# Hello, when i'm training my model with 80% data and testing with 20% data the accuracy is 49% and without split it's 99%

Hello, when i'm training my model with 80% data and testing with 20% data the accuracy is 49%. And when i'm training my data without splitting it's giving around 99%. I'm confused.

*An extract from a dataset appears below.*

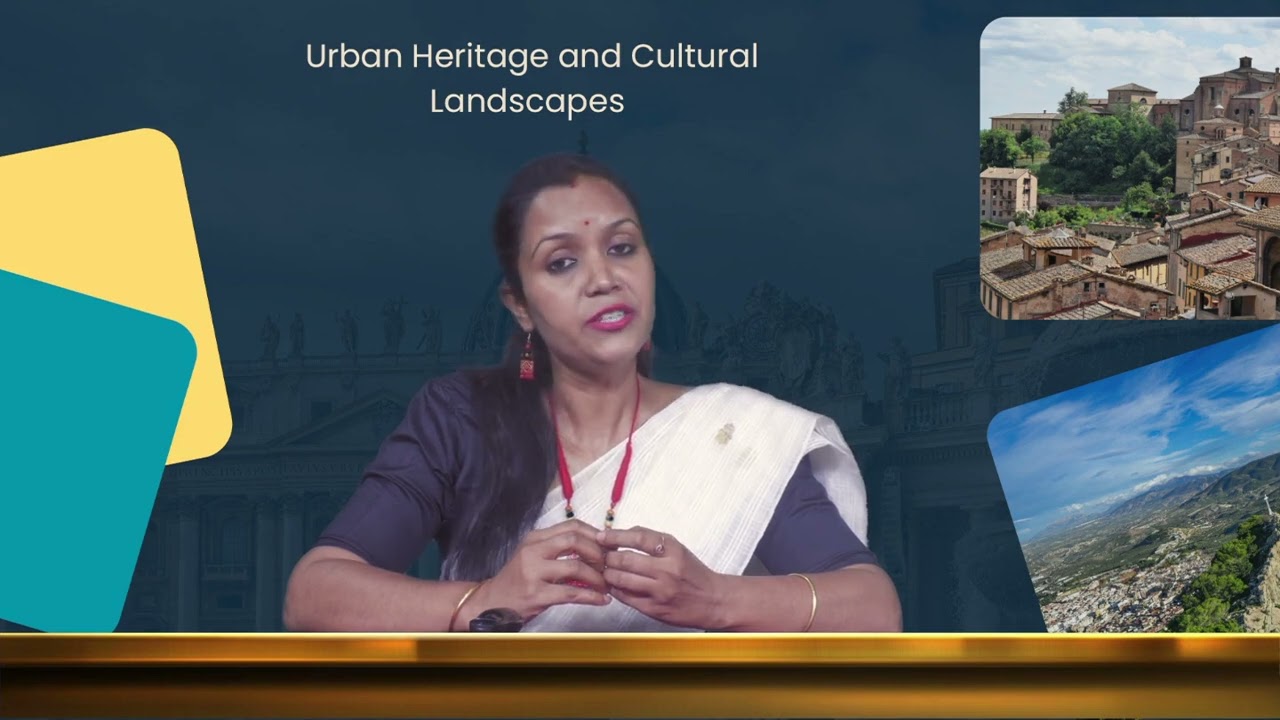 Urban Heritage and Cultural Landscapes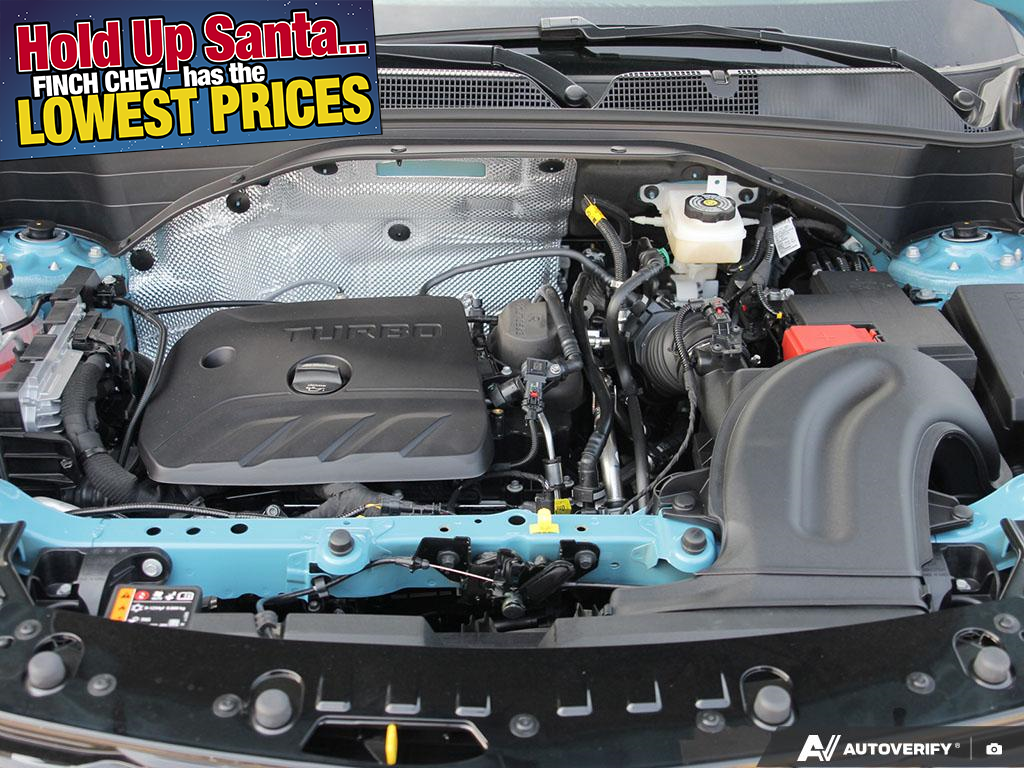 used 2026 Chevrolet TrailBlazer car, priced at $40,938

Please help me with this

The below code is with split which got 49% accuracy

data = pd.read_csv(r"dataset.csv")

from sklearn.preprocessing import LabelEncoder

le = LabelEncoder()

objList = data.select_dtypes(include = "object").columns

for feat in objList:
data[feat] = le.fit_transform(data[feat].astype(str))

X = data.iloc[:, data.columns != 'Outcome'].values
y = data.iloc[:, data.columns == 'Outcome'].values

from sklearn.model_selection import train_test_split
X_train, X_test, y_train, y_test = train_test_split(X, y, test_size = 0.2, random_state = 1)

from sklearn.ensemble import RandomForestClassifier
randomforest = RandomForestClassifier(n_estimators = 10, criterion = 'entropy', random_state = 0)
randomforest.fit(X_train, y_train)

y_pred = randomforest.predict(X_test)

from sklearn.metrics import confusion_matrix
from sklearn import metrics
print(metrics.accuracy_score(y_test, y_pred))
cm = confusion_matrix(y_test, y_pred)
print(cm)


The below code is without split which got 99% accuracy

data = pd.read_csv(r'dataset.csv')

le = LabelEncoder()

objList = data.select_dtypes(include = "object").columns

for feat in objList:
data[feat] = le.fit_transform(data[feat].astype(str))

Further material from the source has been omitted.